Bis zur Ausstellungseröffnung in der Heimatstadt des IM hatte dieser sich nicht dafür interessiert, vermutlich wußte er nicht einmal, daß er in der Ausstellung auftaucht. Im Stasiunterlagengesetz (StUg) heißt es dazu: „Für die Forschung zum Zwecke der politischen und historischen Aufarbeitung der Tätigkeit des Staatssicherheitsdienstes oder der Herrschaftsmechanismen der ehemaligen DDR sowie für Zwecke der politischen Bildung stellt der Bundesbeauftragte folgende Unterlagen zur Verfügung: „Unterlagen mit personenbezogenen Informationen über: Mitarbeiter des Staatssicherheitsdienstes, soweit es sich nicht um Tätigkeiten für den Staatssicherheitsdienst vor Vollendung des 18. Lebensjahres gehandelt hat.“ Allerdings schränkt der Gesetzestext ein: „Unterlagen mit personenbezogenen Informationen dürfen nur zur Verfügung gestellt werden, soweit durch deren Verwendung keine überwiegenden schutzwürdigen Interessen der dort genannten Personen beeinträchtigt werden.“ Schuberts Anwalt Thomas Höllrich, er sitzt für die Linkspartei im Stadtparlament von Reichenbach, befürchtet ein „Pogrom“ gegen seinen Mandanten. Höllrich spricht von möglicher Lynchjustiz, räumt jedoch ein, daß es dazu in der Vergangenheit nicht kam. Der Firma der Frau seines Mandanten seien zwei Aufträge gekündigt worden, ob dies in direktem Zusammenhang mit der IM-Tätigkeit ihres Mannes zu tun hat, bleibt Mutmaßung, ist aber nicht auszuschließen.

Späte Rache der Verfolgten? Wohl kaum, denn die kennen den Namen des Mannes, der sie in  Schwierigkeiten brachte, einige von ihnen ins Gefängnis, schon lange aus ihren Stasiakten. Jeder Bürger, über den die Staatssicherheit Informationen gesammelt hatte, kann auch die Herausgabe der Klarnamen von Informanten und hauptamtlichen Stasi-Leuten beantragen. Für alle anderen dürften die Klarnamen von „irgendwelchen“ IM eher uninteressant sein. Der von IM Schubert ist schon lange im Internet recherchierbar. In der Freien Enzyklopädie „Wikipedia“ war bis vor wenigen Tagen zu erfahren, wer „Schubert“ war, mittlerweile ist der Beitrag gelöscht. Auch Fernsehsendungen wie das ARD-Magazin „Kontraste“ hatten recherchiert und den Namen im Umfeld der Berichterstattung über „Schuberts“ Vorgehen gegen die Ausstellung preisgegeben. War es vor Schuberts Rummel um seinen Namen noch umstritten, ob ein umfängliches Recht auf Persönlichkeitsschutz in der Öffentlichkeit besteht, so macht ihn die aktuelle Berichterstattung um den Vorgang erst Recht zu einer „Person des Zeitgeschehens“, für die nur begrenzt Schutzansprüche bestehen.
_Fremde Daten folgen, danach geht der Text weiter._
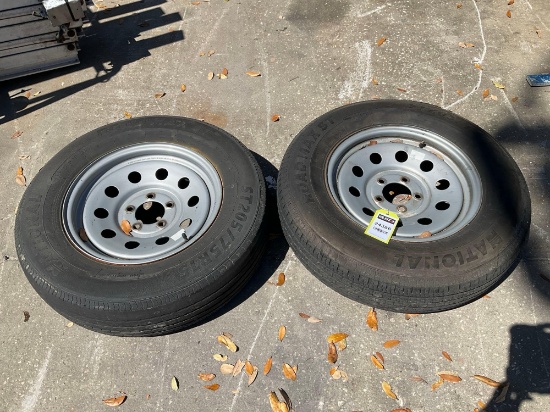 ( 2 ) NATIONAL ROAD MAX 5 LUG HOLE TIRES WITH RIMS, ST205/75R15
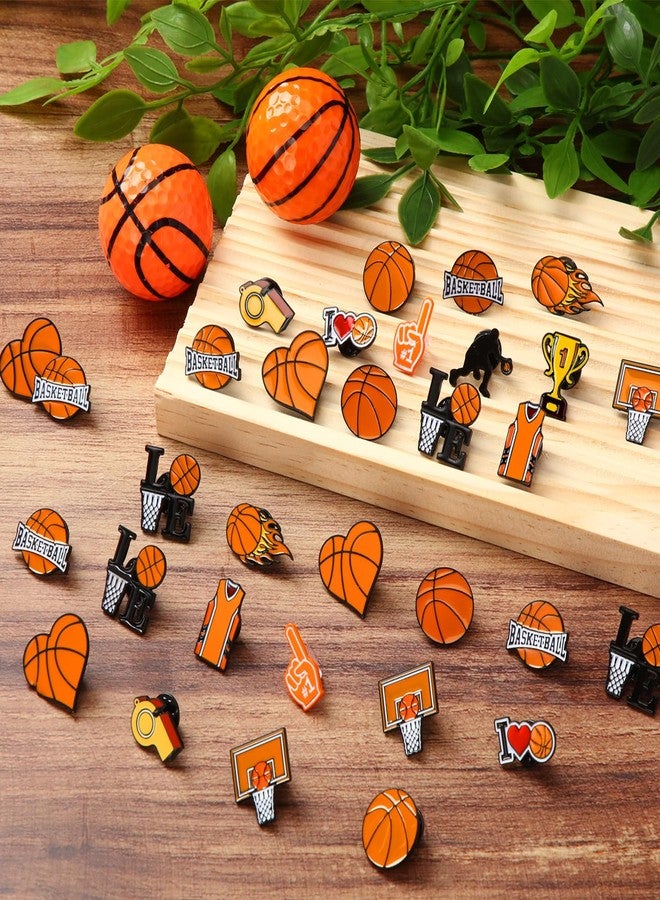 CraftyDream 60 Pcs Basketball Enamel Pins Bulk Sports Lapel Pins Ball Lover Badge Brooches Basketball Senior Night Gifts for Hat Backpack Bags Clothes Sport Team Accessories - Image 2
Anwalt Höllrich dürfte Gewinner in der Angelegenheit sein, denn es gab kaum eine Medienmeldung, in der er nicht zu Wort kam. Die Opfer des IM Schubert haben auch ihren Weg gefunden, um nicht als reine Verlierer dazustehen. In einem unbeantworteten Brief an „Schubert“ heißt es: „Nunmehr sorgst Du selbst dafür, Erinnerungen wachzurütteln: Wir entnehmen zwar der durch Deinen Anwalt erwirkten Einstweiligen Verfügung, daß Du nicht willst, daß wir uns an Dich erinnern. Doch das Gegenteil ist eingetreten: Viele erinnern sich jetzt wieder an Dich.“ Das vorläufig letzte Wort wird am 22. April gesprochen, dann wird das Gericht entscheiden.